Swimming: Davies demands fresh look at East German medallists
Calls for former East Germans to be stripped of their Olympic medals for alleged cheating with drugs could leave sporting chiefs with huge moral and legal problems. Adrian Warner reports.
Sharron Davies, the former Olympic silver medallist swimmer, yesterday demanded a review of the performances of former East German athletes as more evidence emerged of systematic doping in the former Communist state.
"How can world records or medals that were set or won stay in place now the truth is known?" Davies said. "All my career I was swimming against Eastern Bloc swimmers who were on a drug programme devised for them from above."
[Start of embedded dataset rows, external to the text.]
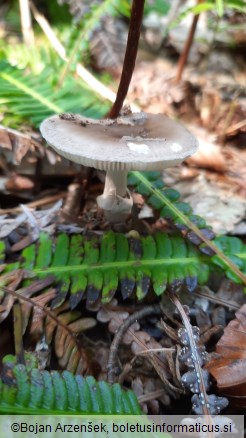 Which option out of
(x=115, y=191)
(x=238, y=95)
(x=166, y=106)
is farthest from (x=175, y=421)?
(x=238, y=95)

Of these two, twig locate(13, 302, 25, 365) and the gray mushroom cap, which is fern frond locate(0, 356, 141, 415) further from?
the gray mushroom cap

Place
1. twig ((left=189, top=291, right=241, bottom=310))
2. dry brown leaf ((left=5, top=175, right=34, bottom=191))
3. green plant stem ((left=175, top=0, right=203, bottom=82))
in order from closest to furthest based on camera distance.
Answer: twig ((left=189, top=291, right=241, bottom=310)) → dry brown leaf ((left=5, top=175, right=34, bottom=191)) → green plant stem ((left=175, top=0, right=203, bottom=82))

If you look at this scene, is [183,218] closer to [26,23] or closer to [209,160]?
[209,160]

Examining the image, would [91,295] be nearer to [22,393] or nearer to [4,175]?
[22,393]

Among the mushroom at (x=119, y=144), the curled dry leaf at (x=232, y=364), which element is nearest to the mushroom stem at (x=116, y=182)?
the mushroom at (x=119, y=144)

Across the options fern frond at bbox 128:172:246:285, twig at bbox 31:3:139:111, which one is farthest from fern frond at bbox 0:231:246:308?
twig at bbox 31:3:139:111

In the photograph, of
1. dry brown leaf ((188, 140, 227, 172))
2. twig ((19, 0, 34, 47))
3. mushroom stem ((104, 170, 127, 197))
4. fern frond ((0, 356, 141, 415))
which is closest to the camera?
fern frond ((0, 356, 141, 415)) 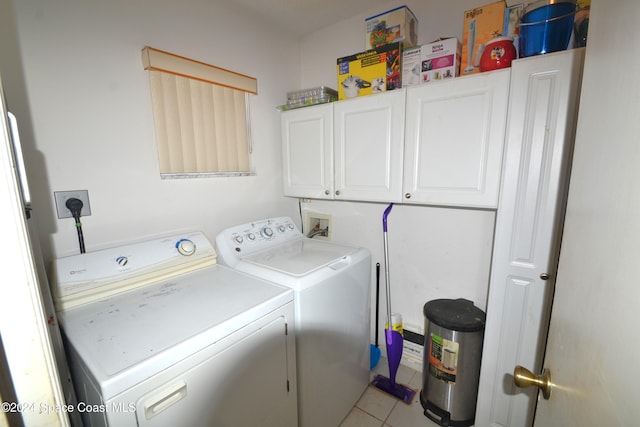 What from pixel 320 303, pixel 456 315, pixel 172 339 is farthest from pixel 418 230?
pixel 172 339

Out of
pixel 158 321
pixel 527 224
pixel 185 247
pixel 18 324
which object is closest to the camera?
pixel 18 324

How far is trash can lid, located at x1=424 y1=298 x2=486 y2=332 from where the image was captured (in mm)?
1462

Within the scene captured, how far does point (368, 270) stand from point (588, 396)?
1.34m

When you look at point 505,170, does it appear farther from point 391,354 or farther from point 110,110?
point 110,110

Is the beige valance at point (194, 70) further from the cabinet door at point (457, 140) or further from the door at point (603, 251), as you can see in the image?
the door at point (603, 251)

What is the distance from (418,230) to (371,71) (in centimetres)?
107

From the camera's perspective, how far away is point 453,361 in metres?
1.52

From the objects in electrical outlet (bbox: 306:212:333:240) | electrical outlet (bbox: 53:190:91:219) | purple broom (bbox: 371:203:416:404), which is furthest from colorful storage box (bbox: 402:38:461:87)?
electrical outlet (bbox: 53:190:91:219)

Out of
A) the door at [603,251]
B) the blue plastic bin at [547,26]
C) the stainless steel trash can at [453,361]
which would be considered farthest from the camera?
the stainless steel trash can at [453,361]

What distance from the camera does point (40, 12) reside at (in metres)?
1.08

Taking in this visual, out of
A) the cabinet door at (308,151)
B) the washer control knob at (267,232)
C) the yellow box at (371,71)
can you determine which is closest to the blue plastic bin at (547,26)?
the yellow box at (371,71)

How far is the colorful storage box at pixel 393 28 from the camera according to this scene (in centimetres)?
153

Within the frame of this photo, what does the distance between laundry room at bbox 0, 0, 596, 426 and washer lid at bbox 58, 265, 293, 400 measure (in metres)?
0.39

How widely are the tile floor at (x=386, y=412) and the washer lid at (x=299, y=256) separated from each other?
102 centimetres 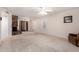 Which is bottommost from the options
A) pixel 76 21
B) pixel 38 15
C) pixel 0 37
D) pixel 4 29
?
pixel 0 37

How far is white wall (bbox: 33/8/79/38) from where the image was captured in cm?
338

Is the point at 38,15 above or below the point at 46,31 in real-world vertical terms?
above

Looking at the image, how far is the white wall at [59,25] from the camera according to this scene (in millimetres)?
3375

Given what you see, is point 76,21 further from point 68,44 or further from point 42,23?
point 42,23

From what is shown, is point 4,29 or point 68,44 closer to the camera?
point 4,29

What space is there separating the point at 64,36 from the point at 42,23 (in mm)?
1165

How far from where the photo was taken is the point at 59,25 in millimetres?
3559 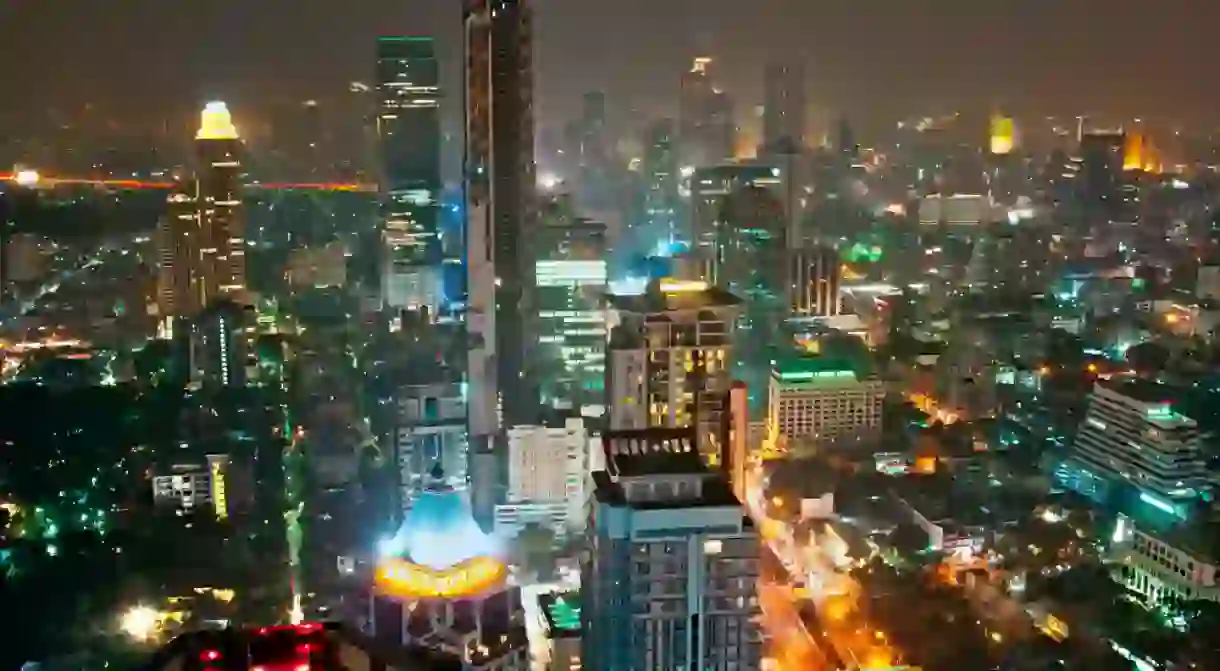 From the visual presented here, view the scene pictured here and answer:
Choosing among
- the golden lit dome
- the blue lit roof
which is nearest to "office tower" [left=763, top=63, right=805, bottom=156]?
the golden lit dome

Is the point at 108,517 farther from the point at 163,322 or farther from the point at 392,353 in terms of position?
the point at 392,353

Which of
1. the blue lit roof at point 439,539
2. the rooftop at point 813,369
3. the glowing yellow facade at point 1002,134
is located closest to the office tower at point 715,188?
the rooftop at point 813,369

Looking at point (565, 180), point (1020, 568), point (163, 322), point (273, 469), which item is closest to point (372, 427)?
point (273, 469)

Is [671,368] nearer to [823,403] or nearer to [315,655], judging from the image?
[823,403]

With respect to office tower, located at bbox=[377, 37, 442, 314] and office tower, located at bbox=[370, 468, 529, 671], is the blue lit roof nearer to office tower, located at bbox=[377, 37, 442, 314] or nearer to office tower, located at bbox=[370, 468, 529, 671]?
office tower, located at bbox=[370, 468, 529, 671]

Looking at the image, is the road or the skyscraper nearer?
the road

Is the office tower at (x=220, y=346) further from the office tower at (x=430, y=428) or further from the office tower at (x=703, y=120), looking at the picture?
the office tower at (x=703, y=120)

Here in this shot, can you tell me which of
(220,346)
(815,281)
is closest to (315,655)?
(220,346) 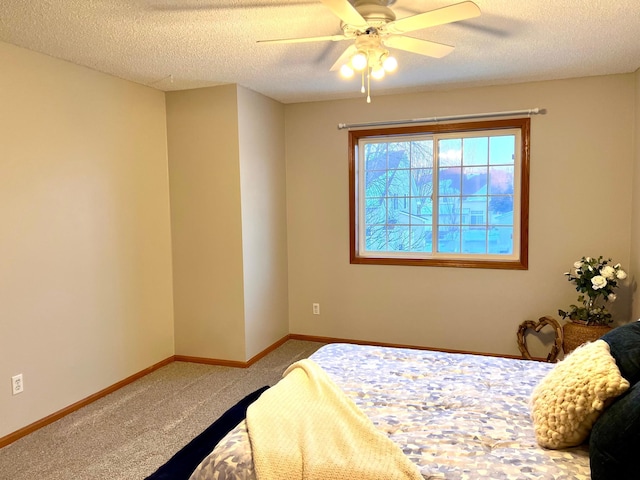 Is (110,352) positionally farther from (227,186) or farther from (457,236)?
(457,236)

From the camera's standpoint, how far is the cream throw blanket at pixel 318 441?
1.50 meters

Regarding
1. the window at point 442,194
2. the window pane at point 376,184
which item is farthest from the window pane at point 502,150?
the window pane at point 376,184

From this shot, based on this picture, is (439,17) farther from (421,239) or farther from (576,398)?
(421,239)

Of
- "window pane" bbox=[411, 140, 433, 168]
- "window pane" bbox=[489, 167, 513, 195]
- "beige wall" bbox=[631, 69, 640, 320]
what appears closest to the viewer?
"beige wall" bbox=[631, 69, 640, 320]

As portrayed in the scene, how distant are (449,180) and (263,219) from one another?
1717 millimetres

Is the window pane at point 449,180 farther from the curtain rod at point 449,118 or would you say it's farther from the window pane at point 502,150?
the curtain rod at point 449,118

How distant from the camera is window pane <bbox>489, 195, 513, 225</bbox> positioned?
416 cm

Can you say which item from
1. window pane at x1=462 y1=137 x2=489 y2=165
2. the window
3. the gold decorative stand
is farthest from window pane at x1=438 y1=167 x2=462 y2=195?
the gold decorative stand

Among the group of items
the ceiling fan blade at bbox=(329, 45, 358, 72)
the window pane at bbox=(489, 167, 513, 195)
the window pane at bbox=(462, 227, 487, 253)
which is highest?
the ceiling fan blade at bbox=(329, 45, 358, 72)

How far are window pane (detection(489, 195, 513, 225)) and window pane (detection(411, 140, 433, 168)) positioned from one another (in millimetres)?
648

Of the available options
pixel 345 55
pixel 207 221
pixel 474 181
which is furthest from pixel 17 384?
pixel 474 181

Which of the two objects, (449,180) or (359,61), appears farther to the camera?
A: (449,180)

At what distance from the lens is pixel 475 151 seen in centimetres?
422

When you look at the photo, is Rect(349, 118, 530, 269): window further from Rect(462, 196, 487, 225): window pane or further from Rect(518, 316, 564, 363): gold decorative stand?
Rect(518, 316, 564, 363): gold decorative stand
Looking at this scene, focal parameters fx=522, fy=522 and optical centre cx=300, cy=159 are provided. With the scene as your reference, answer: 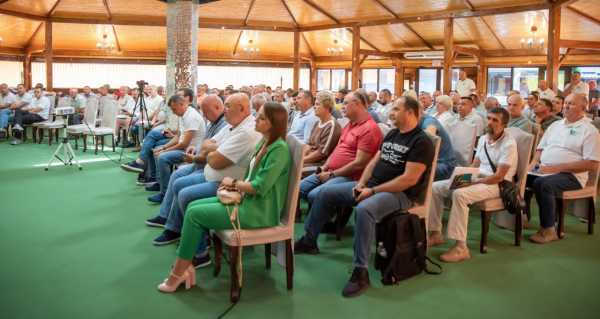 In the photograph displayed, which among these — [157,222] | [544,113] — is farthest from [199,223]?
[544,113]

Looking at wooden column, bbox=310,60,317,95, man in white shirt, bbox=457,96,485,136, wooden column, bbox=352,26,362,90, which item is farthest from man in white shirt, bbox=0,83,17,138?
wooden column, bbox=310,60,317,95

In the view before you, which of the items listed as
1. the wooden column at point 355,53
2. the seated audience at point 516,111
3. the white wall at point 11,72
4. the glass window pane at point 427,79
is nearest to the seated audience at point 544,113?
the seated audience at point 516,111

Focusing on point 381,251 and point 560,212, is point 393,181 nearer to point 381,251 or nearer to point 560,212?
point 381,251

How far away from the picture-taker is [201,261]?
3568 millimetres

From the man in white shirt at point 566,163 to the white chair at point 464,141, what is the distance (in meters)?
0.61

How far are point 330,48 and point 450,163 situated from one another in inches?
546

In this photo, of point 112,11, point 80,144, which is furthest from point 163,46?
point 80,144

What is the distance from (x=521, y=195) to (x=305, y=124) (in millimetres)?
2638

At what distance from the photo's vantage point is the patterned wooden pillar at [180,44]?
759cm

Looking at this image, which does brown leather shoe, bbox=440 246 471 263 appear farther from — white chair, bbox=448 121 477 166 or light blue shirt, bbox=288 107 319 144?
light blue shirt, bbox=288 107 319 144

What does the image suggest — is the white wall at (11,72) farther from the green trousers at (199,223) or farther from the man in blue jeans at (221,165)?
the green trousers at (199,223)

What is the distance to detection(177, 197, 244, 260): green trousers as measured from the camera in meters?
2.97

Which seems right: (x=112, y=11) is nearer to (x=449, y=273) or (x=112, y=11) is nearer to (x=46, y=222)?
(x=46, y=222)

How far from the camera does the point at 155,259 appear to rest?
3.73m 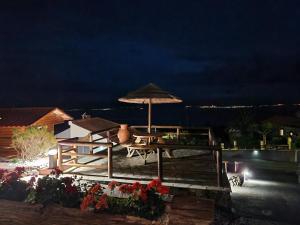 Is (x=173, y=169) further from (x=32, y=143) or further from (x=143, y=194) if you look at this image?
(x=32, y=143)

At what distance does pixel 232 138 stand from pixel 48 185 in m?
18.5

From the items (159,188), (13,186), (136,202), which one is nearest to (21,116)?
(13,186)

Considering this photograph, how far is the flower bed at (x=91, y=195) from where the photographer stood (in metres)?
5.07

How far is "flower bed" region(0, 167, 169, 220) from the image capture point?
507cm

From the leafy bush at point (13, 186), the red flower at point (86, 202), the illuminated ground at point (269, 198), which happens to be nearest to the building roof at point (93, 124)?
the illuminated ground at point (269, 198)

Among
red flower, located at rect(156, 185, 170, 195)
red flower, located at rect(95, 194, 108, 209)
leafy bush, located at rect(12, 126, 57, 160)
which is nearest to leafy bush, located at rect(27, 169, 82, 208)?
red flower, located at rect(95, 194, 108, 209)

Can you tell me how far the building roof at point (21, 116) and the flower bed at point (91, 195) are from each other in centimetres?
1224

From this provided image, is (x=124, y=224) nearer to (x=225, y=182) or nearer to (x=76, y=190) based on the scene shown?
(x=76, y=190)

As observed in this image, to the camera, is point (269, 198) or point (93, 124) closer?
point (269, 198)

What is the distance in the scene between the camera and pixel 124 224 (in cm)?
496

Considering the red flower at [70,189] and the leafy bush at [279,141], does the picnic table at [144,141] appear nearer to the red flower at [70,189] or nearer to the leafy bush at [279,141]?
the red flower at [70,189]

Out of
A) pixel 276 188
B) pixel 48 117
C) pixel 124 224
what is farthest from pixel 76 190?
pixel 48 117

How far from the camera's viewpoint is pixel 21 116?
18797 millimetres

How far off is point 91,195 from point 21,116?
15.3m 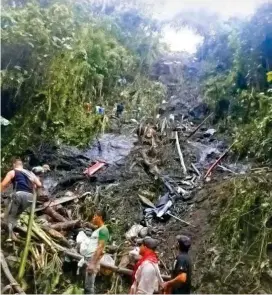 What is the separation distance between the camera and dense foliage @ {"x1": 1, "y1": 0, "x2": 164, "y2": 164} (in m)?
4.36

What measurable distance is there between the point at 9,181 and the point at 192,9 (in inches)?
99.8

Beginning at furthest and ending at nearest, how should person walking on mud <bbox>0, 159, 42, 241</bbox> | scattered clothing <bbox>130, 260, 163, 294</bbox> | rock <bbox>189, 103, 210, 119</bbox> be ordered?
1. rock <bbox>189, 103, 210, 119</bbox>
2. person walking on mud <bbox>0, 159, 42, 241</bbox>
3. scattered clothing <bbox>130, 260, 163, 294</bbox>

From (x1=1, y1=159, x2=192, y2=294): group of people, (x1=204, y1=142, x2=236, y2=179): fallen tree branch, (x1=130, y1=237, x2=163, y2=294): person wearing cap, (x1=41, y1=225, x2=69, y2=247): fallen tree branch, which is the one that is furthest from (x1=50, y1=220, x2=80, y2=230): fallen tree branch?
(x1=204, y1=142, x2=236, y2=179): fallen tree branch

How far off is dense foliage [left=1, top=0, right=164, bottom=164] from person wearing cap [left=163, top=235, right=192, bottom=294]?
1.67 meters

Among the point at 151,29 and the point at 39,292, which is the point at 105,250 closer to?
the point at 39,292

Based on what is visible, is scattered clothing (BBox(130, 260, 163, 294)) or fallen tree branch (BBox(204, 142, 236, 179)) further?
fallen tree branch (BBox(204, 142, 236, 179))

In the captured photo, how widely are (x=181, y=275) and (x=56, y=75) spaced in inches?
105

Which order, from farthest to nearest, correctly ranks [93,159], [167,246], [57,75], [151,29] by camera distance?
[151,29] → [57,75] → [93,159] → [167,246]

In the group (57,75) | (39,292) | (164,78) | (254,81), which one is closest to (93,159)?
(57,75)

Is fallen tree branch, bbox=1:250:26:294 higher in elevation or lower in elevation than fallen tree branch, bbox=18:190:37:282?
lower

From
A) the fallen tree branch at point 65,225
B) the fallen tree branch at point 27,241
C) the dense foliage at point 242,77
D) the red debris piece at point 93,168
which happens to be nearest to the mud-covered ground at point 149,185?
the red debris piece at point 93,168

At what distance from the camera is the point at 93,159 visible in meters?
4.45

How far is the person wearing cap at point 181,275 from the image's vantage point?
2.93 meters

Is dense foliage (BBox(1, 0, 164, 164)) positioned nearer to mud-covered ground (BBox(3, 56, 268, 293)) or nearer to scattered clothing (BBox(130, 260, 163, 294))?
mud-covered ground (BBox(3, 56, 268, 293)) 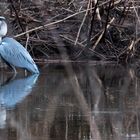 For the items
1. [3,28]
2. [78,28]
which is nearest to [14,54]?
[3,28]

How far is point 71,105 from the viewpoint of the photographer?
23.2 feet

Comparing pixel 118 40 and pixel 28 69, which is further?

East German coaches admitted several years ago that systematic doping played an important role in the state's remarkable success at Olympics in the 1970s and 1980s when sporting success was used to promote Communism. But recent investigations by German public prosecutors into the abuse of banned performance-enhancing substances in the GDR has brought the subject back into the spotlight.
Davies, who won silver at the Moscow Olympics in 1980 demanded action on the day when the head coach of the German swimming team, Winfried Leopold, was banned from attending this week's World Championships in Perth after he admitted that he had been involved in doping in East Germany.
If East German coaches are found guilty of harming athletes by giving them banned steroids, there is certain to be pressure on the International Olympic Committee to take medals away from some GDR winners and give them to other competitors. The IOC was not available for comment yesterday.